A hard-hitting new TV ad from the Obama campaign accuses Mitt Romney of profiting from and indirectly supporting "sweatshop conditions" at a Chinese appliance company in which his Bain Capital invested.

"A company called Global Tech maximized profits by paying its workers next to nothing under sweatshop conditions in China," the ad says, over file-photo images of distressed-looking Chinese factory workers.

"When Mitt Romney led Bain," it continues, "they saw Global Tech as a good investment, even knowing that the firm promoted its practice of exploiting low-wage labor to its investors."

The attack, ahead of the first presidential debate Wednesday, comes as Democrats renew scrutiny of Romney's foreign investments and private-sector business record at Bain, which the Republican nominee has made a centerpiece of his campaign.

The ad will begin running this week in New Hampshire, Virginia, Florida, Ohio, Iowa, Colorado, and Nevada - all states with sizable manufacturing sectors - the Obama campaign said.

Romney's ties to Global Tech were first documented last month in a Boston Globe report that noted the appliance-maker promoted itself to investors by touting "inexpensive labor" as a top selling point. A 1998 company prospectus reviewed by the Globe also promoted the fact that the appliance-maker had an "overall effective tax rate that may be less than that of U.S. corporations."

Bain capital affiliate Brookside Capital Partners Fund, which listed Romney as its president and CEO at the time, bought a 6 percent share of Global Tech, according to Securities and Exchange Commission documents reviewed by the paper and ABC News.

The Obama campaign has seized upon the report to claim that Romney's investment activities facilitated the outsourcing of American jobs and working conditions many Americans would find deplorable. The prospectus obtained by the Globe described six-day work weeks with two 10-hour shifts per day and dormitory facilities that housed 3,700 workers.

Independent fact-checkers have, however, noted that there is no evidence Romney had an active role in sending any American jobs to China or in approving the specific investment in Global Tech.

"This is another 'overboard' ad from a president who is trying to distract from his failure to stand up to China," Romney spokeswoman Amanda Henneberg told ABC News.
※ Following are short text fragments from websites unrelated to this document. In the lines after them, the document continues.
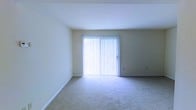 This single-floor space features a clean and straightforward layout designed for comfortable everyday living. The main living area is finished with wall-to-wall beige carpeting, providing a neutral and cohesive foundation throughout. Smooth, white-painted walls and a flat ceiling contribute to the room's bright, open feel.

A prominent sliding glass door serves as a focal point of the living area, fitted with full-length vertical blinds that offer privacy control while still allowing generous natural light to permeate the space. The door provides direct access to an exterior area, enhancing the sense of openness and connection to the outdoors.

White baseboards run along the perimeter of the room, adding a clean, finished detail to the overall aesthetic. Electrical outlets are positioned at convenient intervals along the walls. The space presents a blank canvas, well-suited for a variety of furniture arrangements and personal touches. Overall, the space offers a functional and well-lit environment with a simple, understated design.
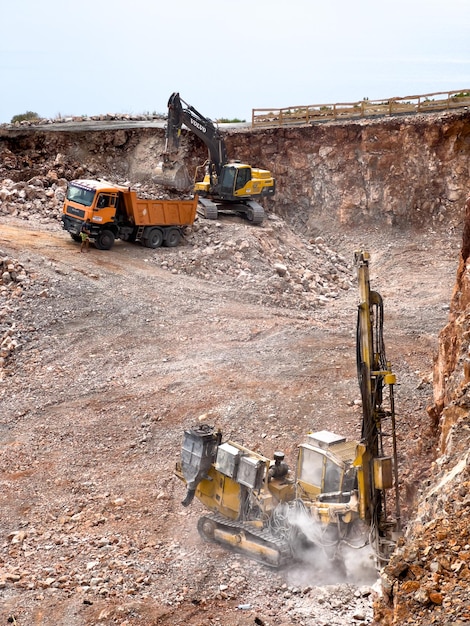 写真 トラックに岩石を積み込む掘削機の隣にある採石場で掘削装置が岩石を掘削する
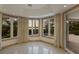 Sunroom with water views and sliding doors to the patio at 3491 Bayou Sound, Longboat Key, FL 34228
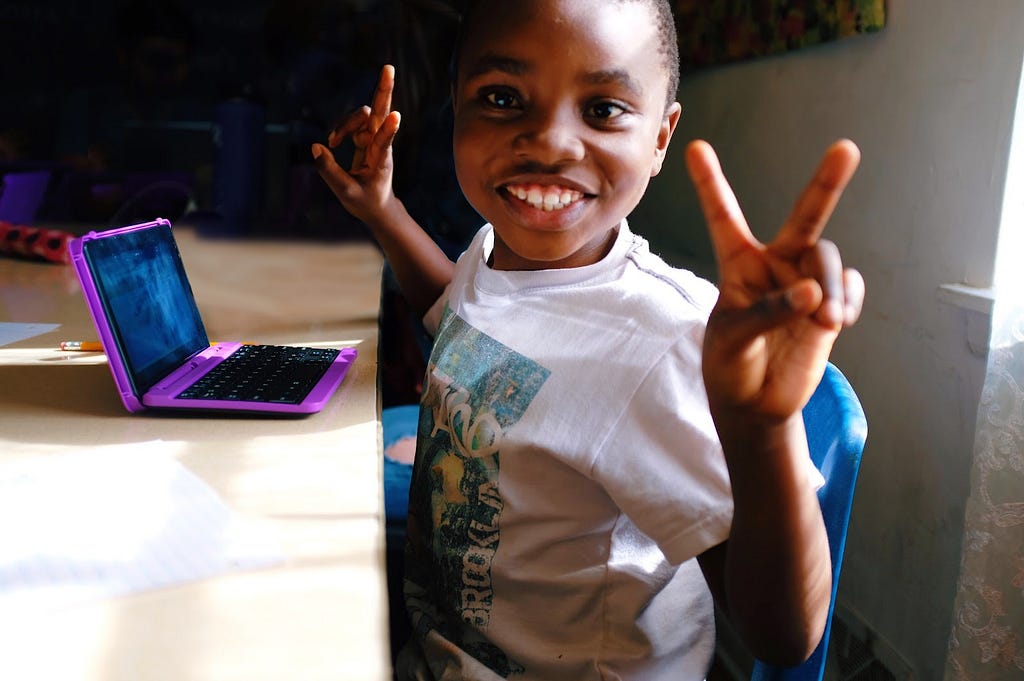 Image of a boy sitting at a desk at school, looking at the camera and making the V for Victory with both his hands. He has a tablet in front of him and looks happy.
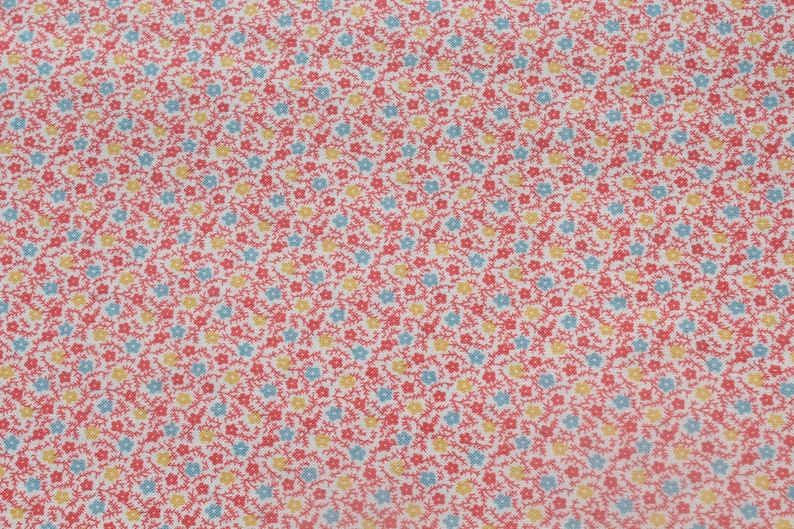 May include: Close-up of a fabric with a repeating floral pattern. The design features small red flowers, light blue and yellow blossoms, and thin red stems against a white background. This fabric is suitable for various sewing and crafting projects.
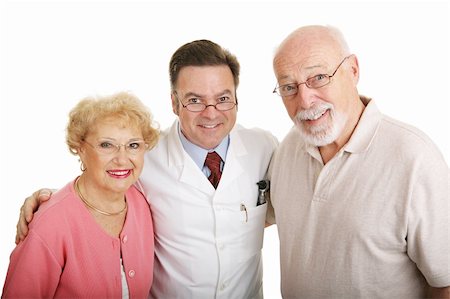 Senior couple posing in their new glasses with their optometrist.  Isolated on white. Stock Photo - Budget Royalty-Free & Subscription, Code: 400-03991973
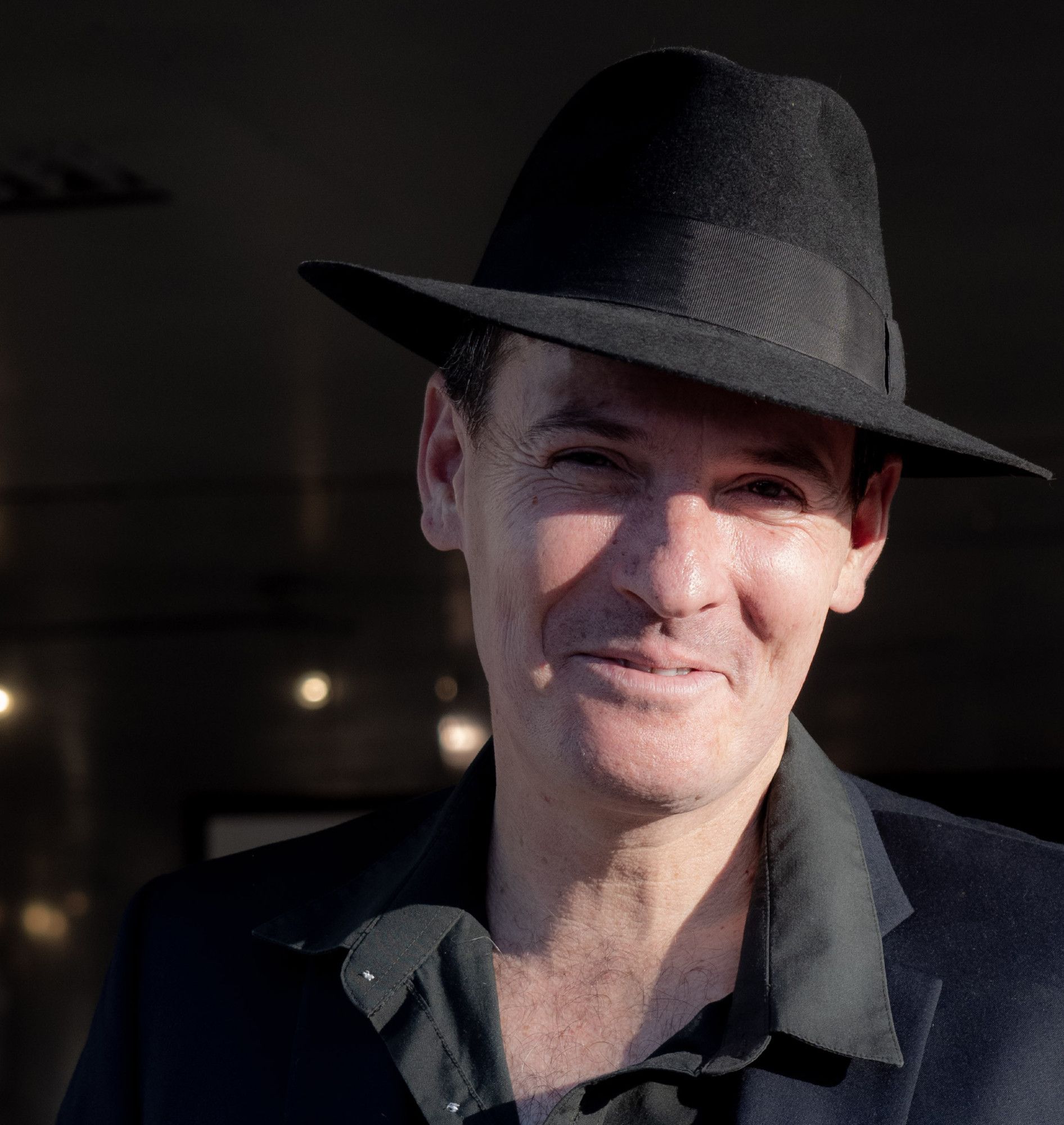 Color photo of author Jean-Paul Garnier, a thin, fair-skinned man with short, dark hair and dark eyes. He wears a black button-up and a black felt fedora. He looks into the camera and smiles as he squints in the bright sun. Photo by Kim Martin.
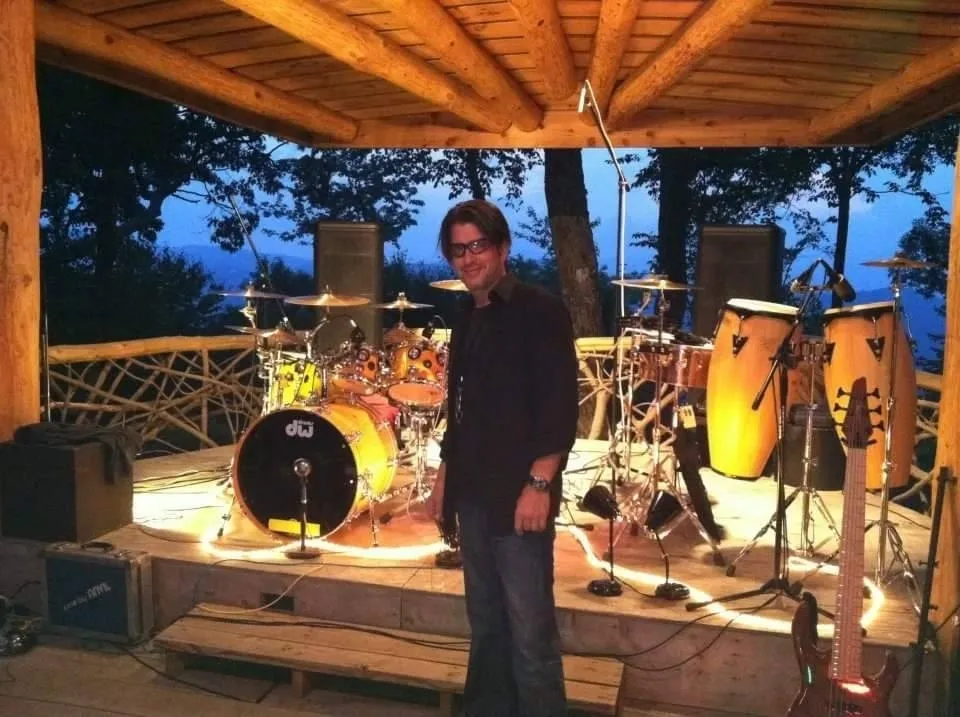 Man standing on stage with musical instruments.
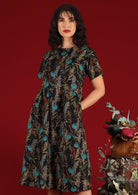 Model wears dark floral cotton dress with pockets
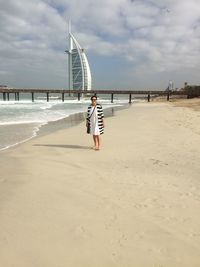 Woman standing at beach with burj al arab hotel in background against cloudy sky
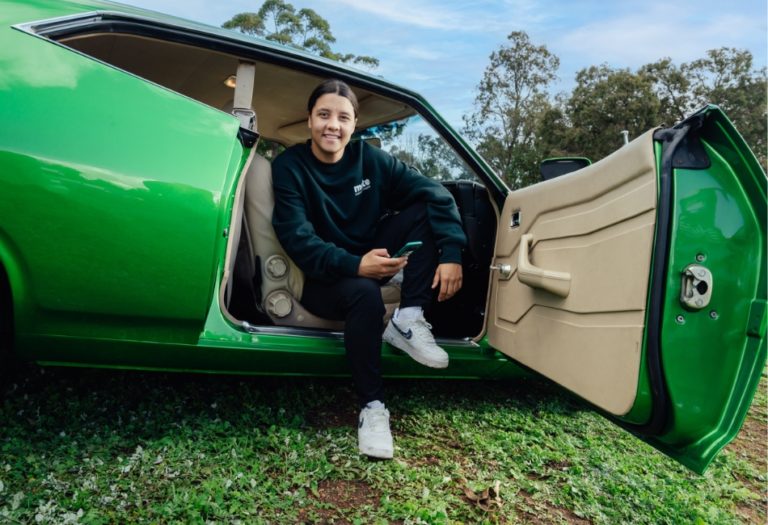 person sitting in green car, holding phone, on grassy field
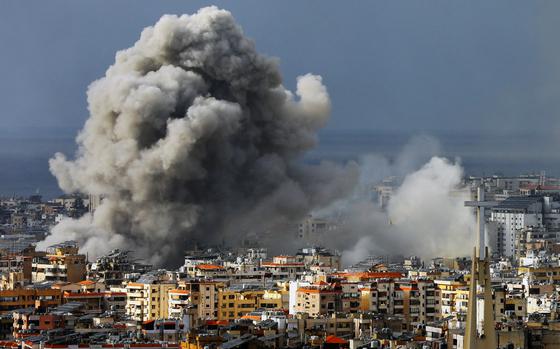 Smoke rises over a city skyline following an airstrike.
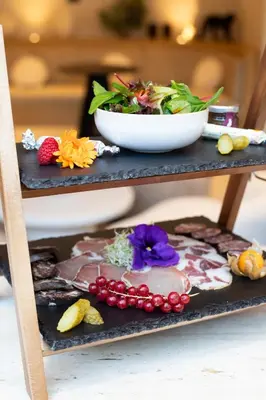 a plate of food on a shelf with a bowl of food at Golden Tulip Avignon Le Paradou in Avignon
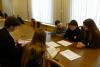 Grupa czterech studentek i student siedzących przy długim stole w sali konferencyjnej. Na stole leży teczka z dokumentami. Wszyscy przeglądają dokumenty leżące na stole.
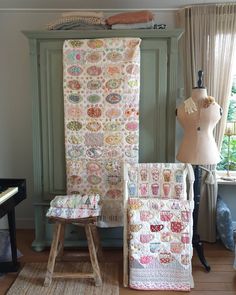 a chair and foot stool in front of a green cabinet with a quilt on it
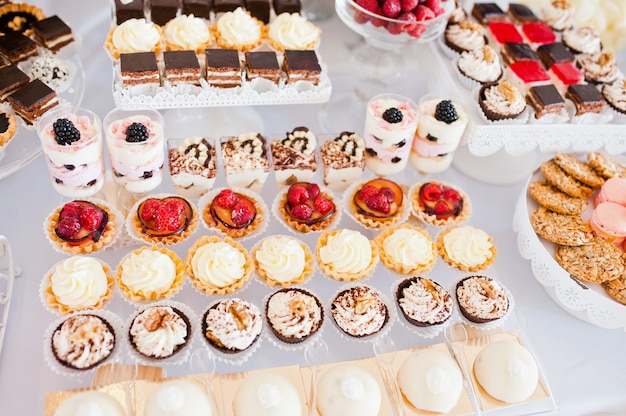 Mesa de sobremesa de deliciosos doces na recepção do casamento.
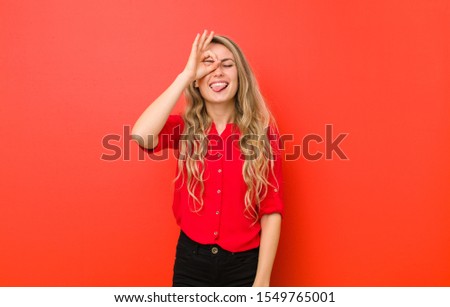 young blonde woman smiling happily with funny face, joking and looking through peephole, spying on secrets against red wall
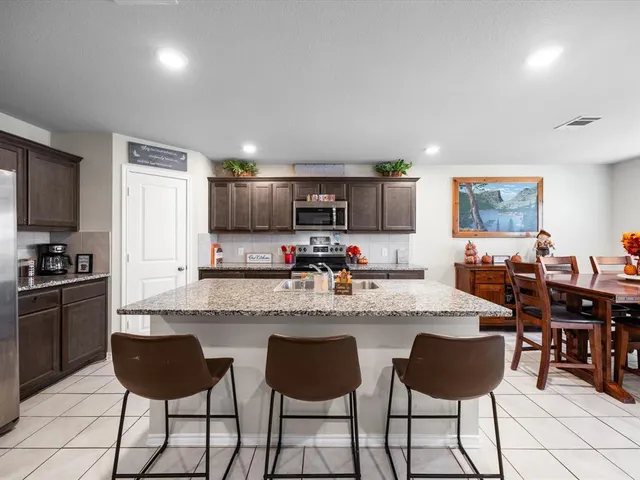a kitchen with sink cabinets and counter space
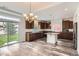 Bright kitchen with granite countertops, dark wood cabinetry, and stainless steel appliances, offering style and function at 133 Poppy View Ln, Erie, CO 80516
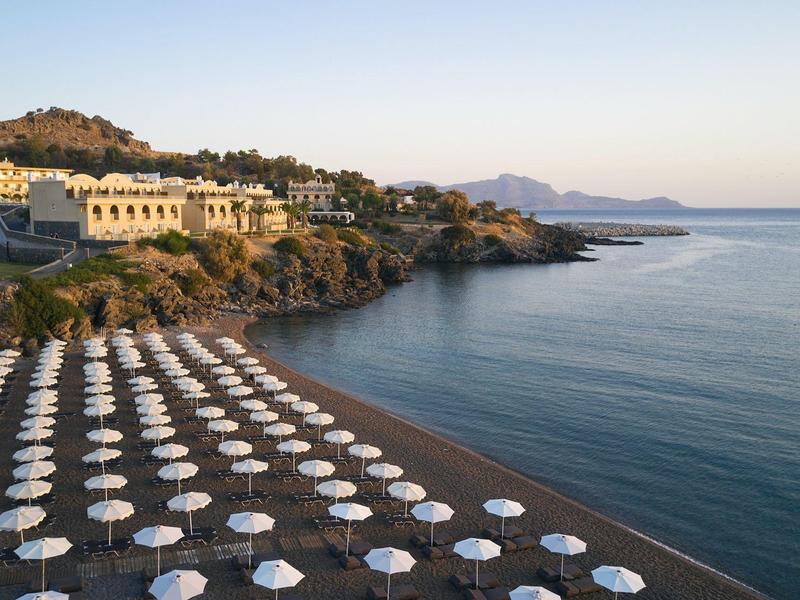 Strand met witte parasols voor een hotel bij een rustige baai bij zonsondergang.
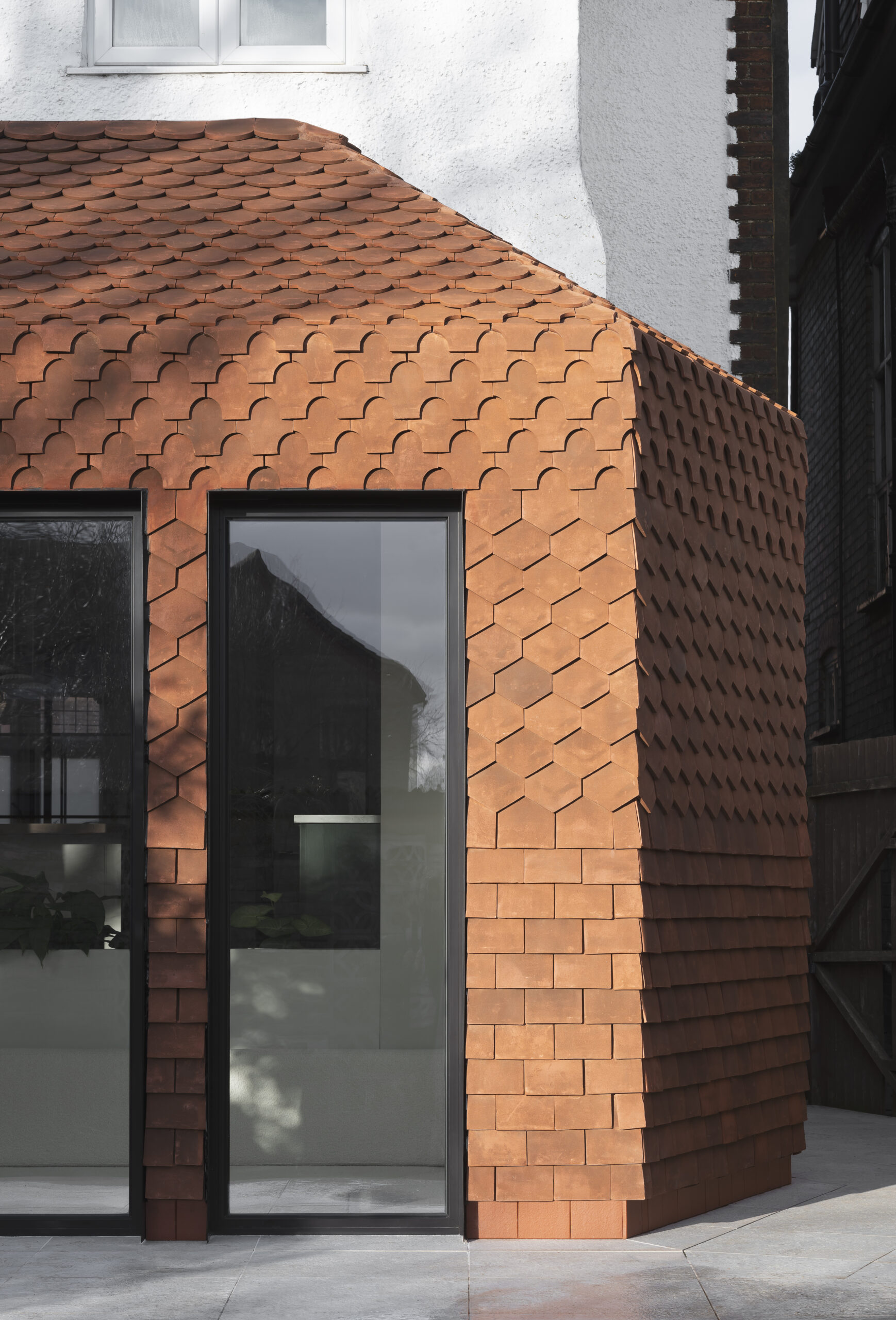 Floor to Ceiling window shown with handmade Goxhill tiles around it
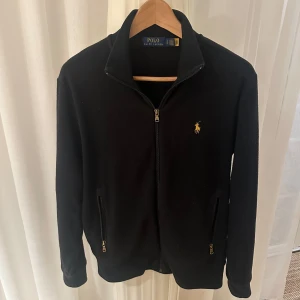 Polo Ralph Lauren fleece - Säljer denna Polo Ralph Lauren fleecen i en snygg svart färg. Bra skick och nypris ligger runt ca 2000 kr. Storlek S men sitter snäppet större kanske. Hör av dig vid minsta lilla fråga😄🤝
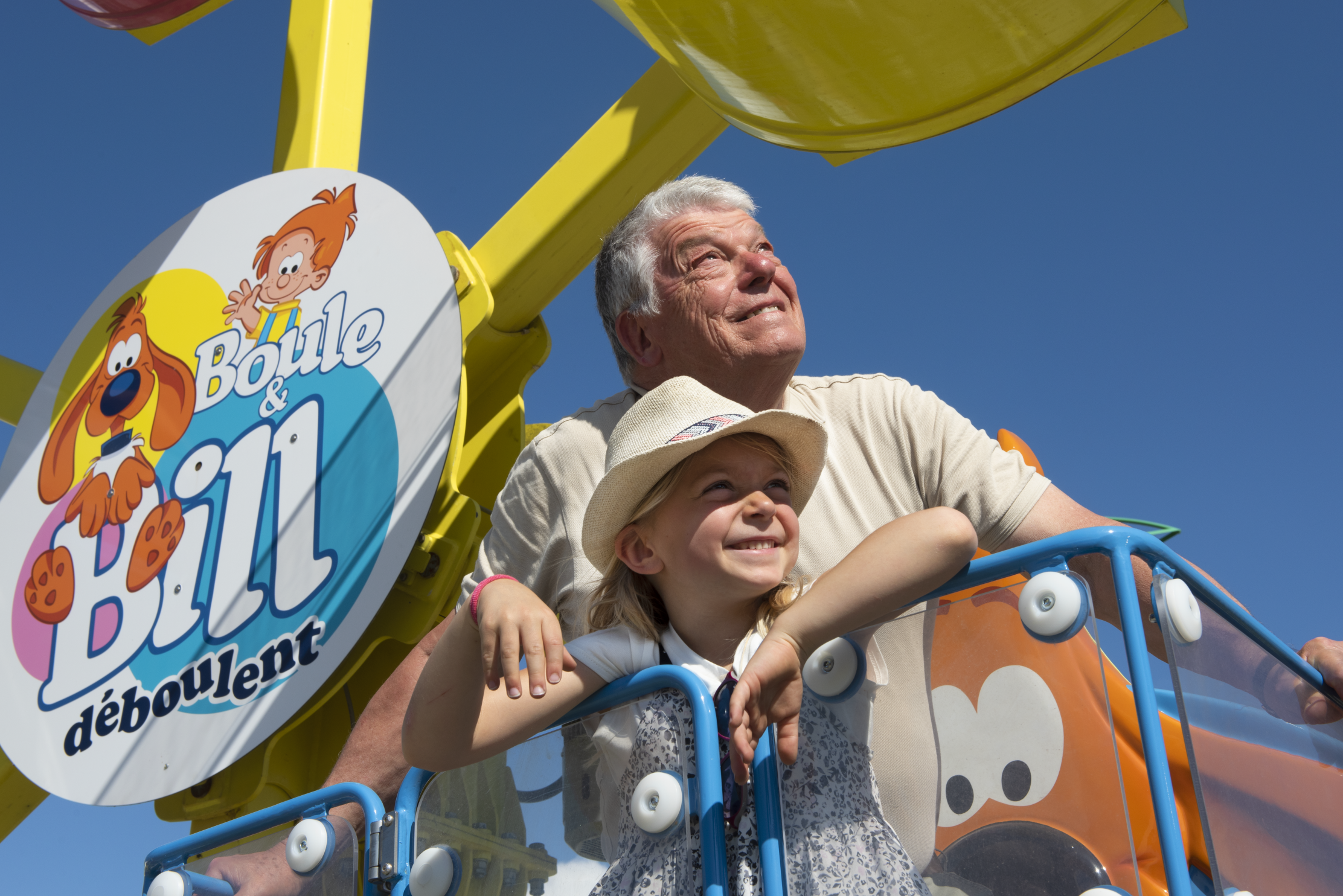 Un homme souriant et une petite fille souriante, portant un chapeau de paille, regardent vers le haut alors qu'ils sont assis dans ce qui semble être un manège d'attraction. Un panneau décoratif avec le texte "Boule & Bill déboulent" et des personnages de dessins animés est visible à gauche.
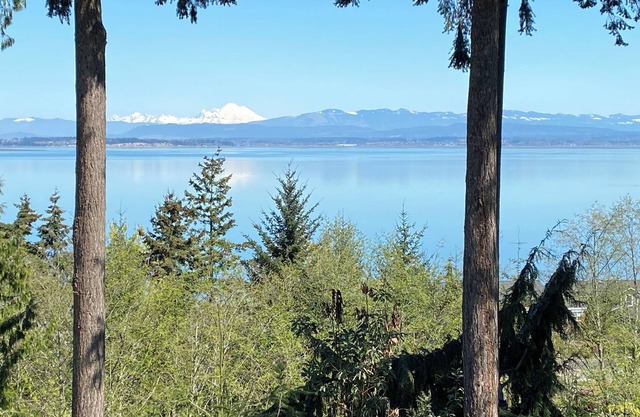 Panoramic View House of Puget Sound with hot tub and walls of windows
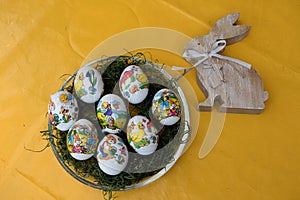 View on easter eggs and a wooden easter bunny on a yellow tablecloth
"Four years ago, then candidate Barack Obama promised to take China to the mat, but refused to label China a currency manipulator because he didn't want them to be embarrassed," she said. "President Obama's failure to stand up to China has cost our country jobs and is one more reason that we can't have four more years like the last four years. Mitt Romney will stand up to China, label them a currency manipulator, protect our intellectual property, and ensure that more jobs stay in America."